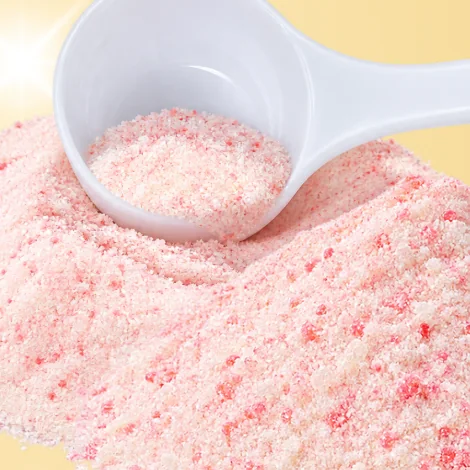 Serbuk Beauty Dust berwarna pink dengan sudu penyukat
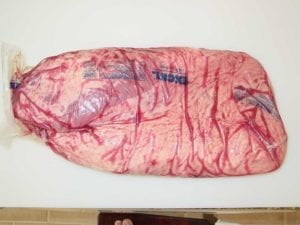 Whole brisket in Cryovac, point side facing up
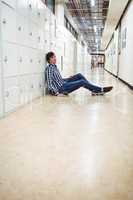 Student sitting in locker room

--

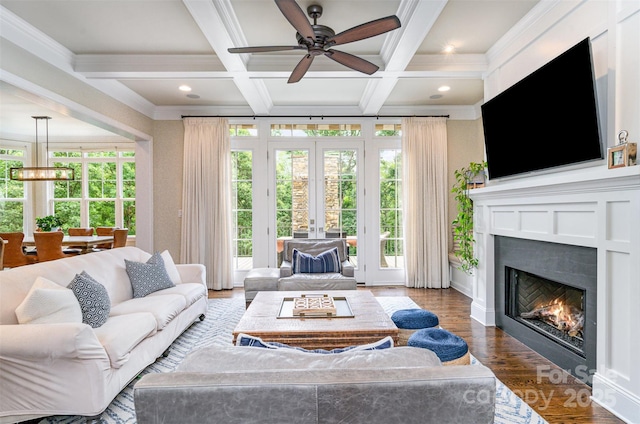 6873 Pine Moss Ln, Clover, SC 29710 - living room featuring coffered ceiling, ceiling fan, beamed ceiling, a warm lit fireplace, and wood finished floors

(Problem to solve) Above are records; repeat only the lines from the line with "Serbuk Beauty Dust" through the line with "Student sitting in locker room", and leave pictures out.

(Task solution)
 Serbuk Beauty Dust berwarna pink dengan sudu penyukat
 Whole brisket in Cryovac, point side facing up
 Student sitting in locker room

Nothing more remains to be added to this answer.